Porting it from rvv 0.7.1 to rvv 1.0 should be pretty much one to one. The harder part is that this and other gemm implementations often aren't vector length agnostic, this is mostly due to gemm requiering specific knowlage about the cpu to get good performance anyways.
Btw, with -O3 -march=rv64gcv both gcc and clang can autovectorize both of your example functions. I'd use -march=rv64gcv_zba_zbb_zbs until profiles are supported in the compilers, then we could so something like -march=rva23.
yeah, it would be hard to write a function that was easier to autovectorize. but none of the risc-v hardware i have here actually supports v (or for that matter rv64)
As well as everything else, I'd also suggest using GCC 14. GCC 12 is 2 years old, so whatever optimizations it does or doesn't do aren't that relevant.
Red Hat is scoping work upstream to make GCC perform better on RISC-V code.

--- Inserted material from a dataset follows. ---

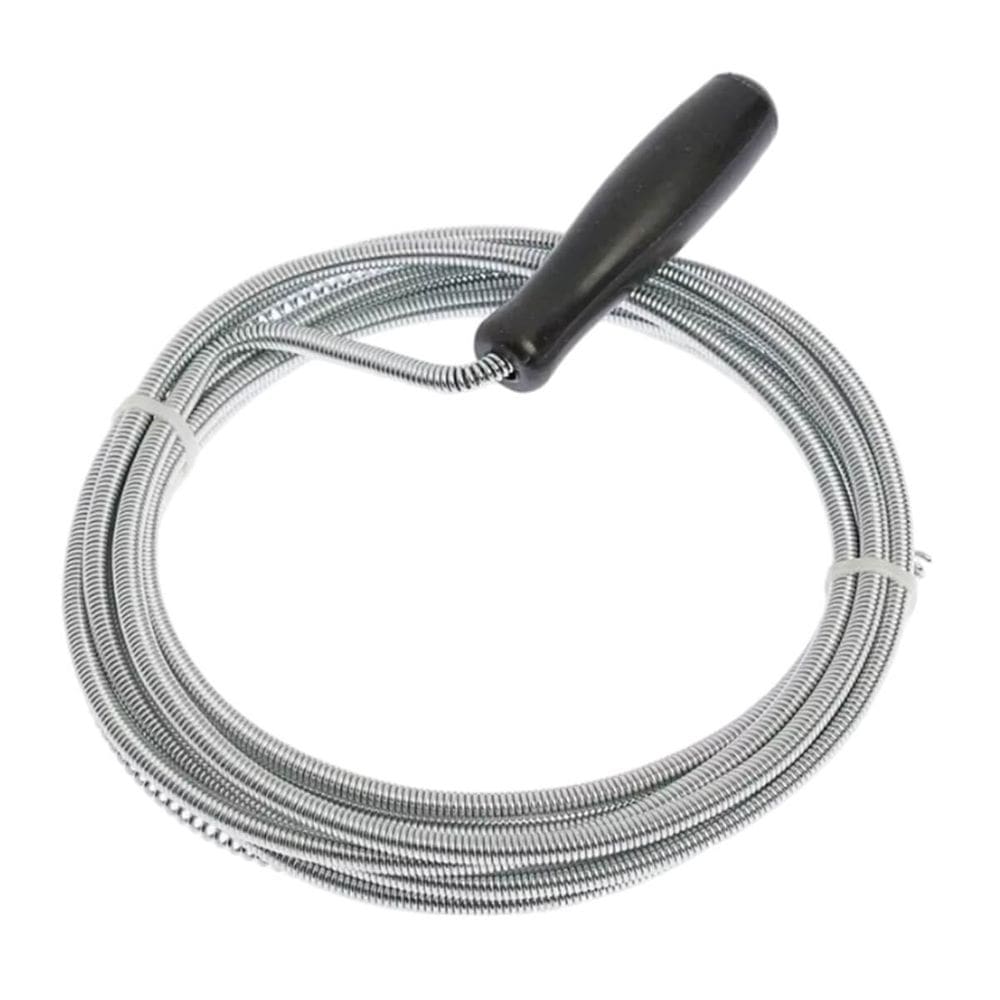 Chicote de Aço 5 metros Desentupidor Tubulação Esgoto Cano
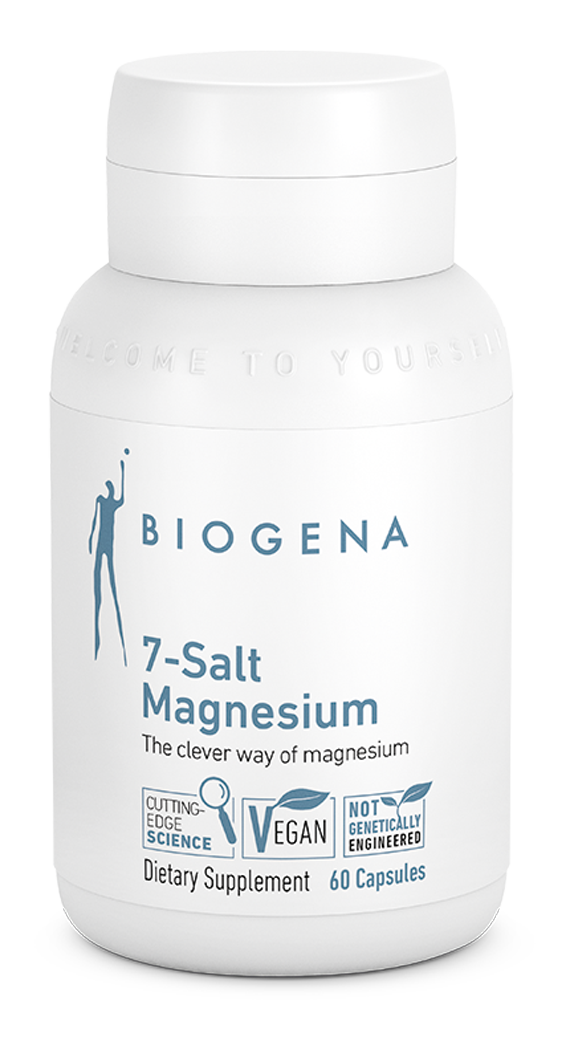 7-Salt Magnesium 60 Capsules.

usually if i'm writing c instead of js, python, or golang the reason is that i want my code to run on a microcontroller. the majority of the microcontrollers i have here have 4 kibibytes of flash, which is a pretty harsh limit, but vastly more cpu power than is needed for the things i'm doing with them, so i almost always actually want to optimize for size at the cost of nearly everything else. the only thing that's more precious than flash is ram
(why don't i write assembly? well, sometimes i do, but sometimes c is good enough, and it has major advantages. size-optimizing compilers greatly expand the scope of c's applicability.)
In theory, -Oz now serves the "smaller no matter what the cost" case, and allows -Os to make compromises. But with GCC, they still behave like synonyms in my limited experience.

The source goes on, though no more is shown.